Several of the City’s best restaurants are right on the Square, including Lacroix and Scarpetta at the Rittenhouse Hotel, Parc, and Rouge. Within walking distance, you’ll find Barclay Prime, Verrnick Food & Drink, Twenty Manning, and Charley Dove. 

Foodies also head to DiBruno for a knockout selection of gourmet cheeses, appetizers, pastries and bread, meats, seafood, and prepared foods to eat in or take out.


Rittenhouse Square hosts a variety of recurring festivals and events, including a Fine Arts Spring Crafts Festival, May 6-8;  Rittenhouse Square Fine Art Show, June 3-5; and the Rittenhouse Row Festival, Saturday, May 21st, featuring food, fashion, arts and entertainment with live music and culinary demos along Walnut Street from the Avenue of the Arts to Rittenhouse Square. Thousands also attend the Fall Fine Craft Fair, Oct. 7-9, 2022, and the annual Rittenhouse Square Christmas Tree Lighting

Year-round, Farm to City provides an outdoor farmers’ market on Saturdays and Tuesdays along the Walnut Street side of the Square, bringing fresh produce to City dwellers.

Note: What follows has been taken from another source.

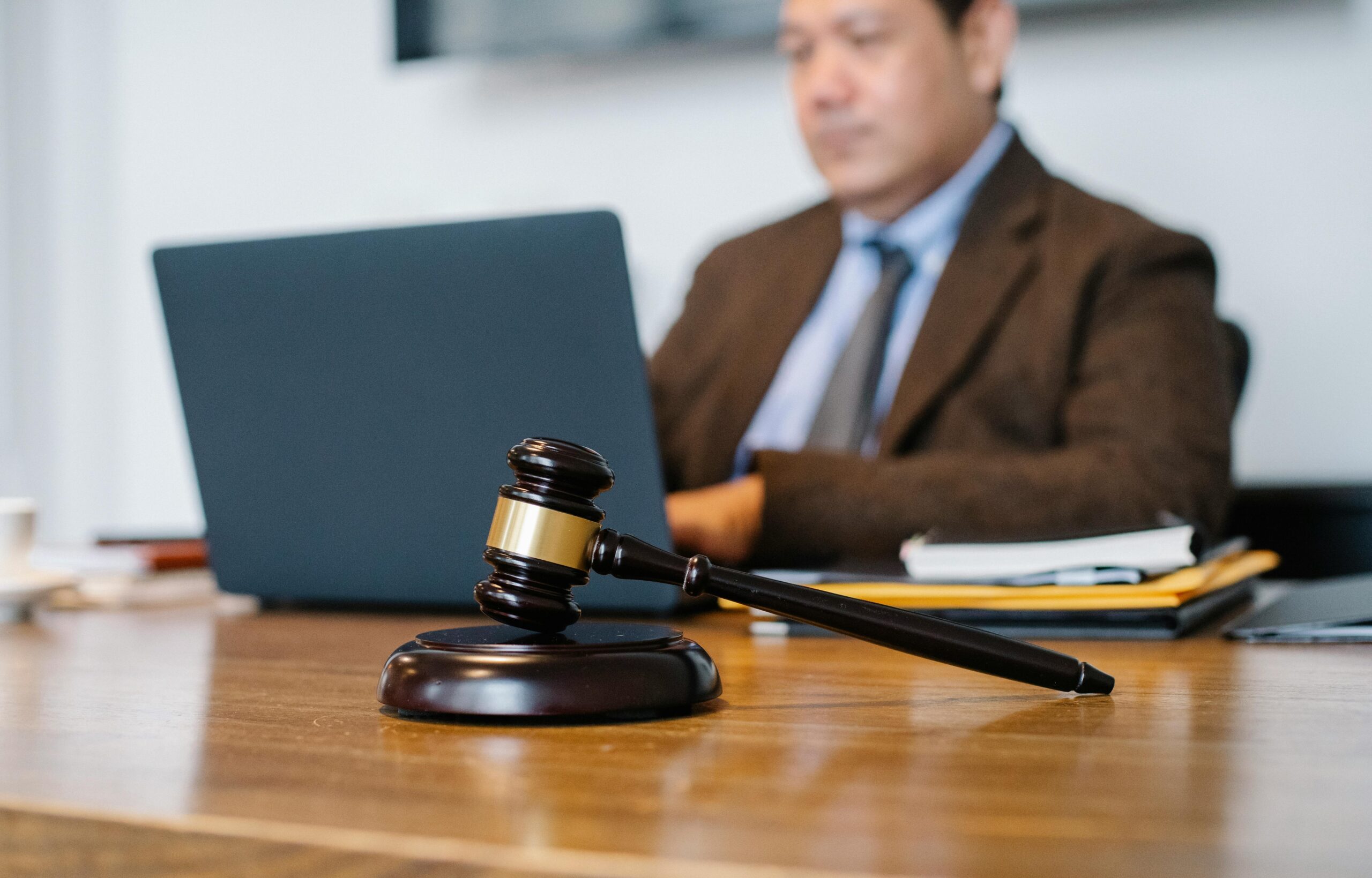 Navigating the Legal Landscape: Tips for Small Businesses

Rittenhouse Square Park Preservation

The beauty of Rittenhouse Square Park is due largely to the efforts of Friends of Rittenhouse Square, created in 1976 with a mission to preserve, protect, and beautify the park in partnership with Philadelphia Parks & Recreation. Landscaping, lighting, restoration of fountains and fencing, and over one million dollars in historic restoration work —are all projects of the Friends of Rittenhouse Square. Their annual fundraising event, the Ball on The Square is a black-tie gala attended by preservationists and City Leaders.

Portraiture of the city of Philadelphia in the province of Pennsylvania in America by Thomas Holmes, 1683. This is where Penn’s first advertised layout of Philadelphia appeared. Image: Haverford College Libraries via phindie.com

Benevolent City Planning

In retrospect, William Penn knew what he was doing. His primary objective in creating Rittenhouse Square and other Philadelphia parks was to maintain public health by setting aside green spaces to provide fresh air and avoid over-crowding associated with the spread of infectious disease. While he could not have known about Covid, his foresight gave us a beautiful, safe place to enjoy nature during the pandemic. The park also became a vibrant and integral part of the fabric of the city, as well as a pillar of this special neighborhood in the heart of Philadelphia we now call home.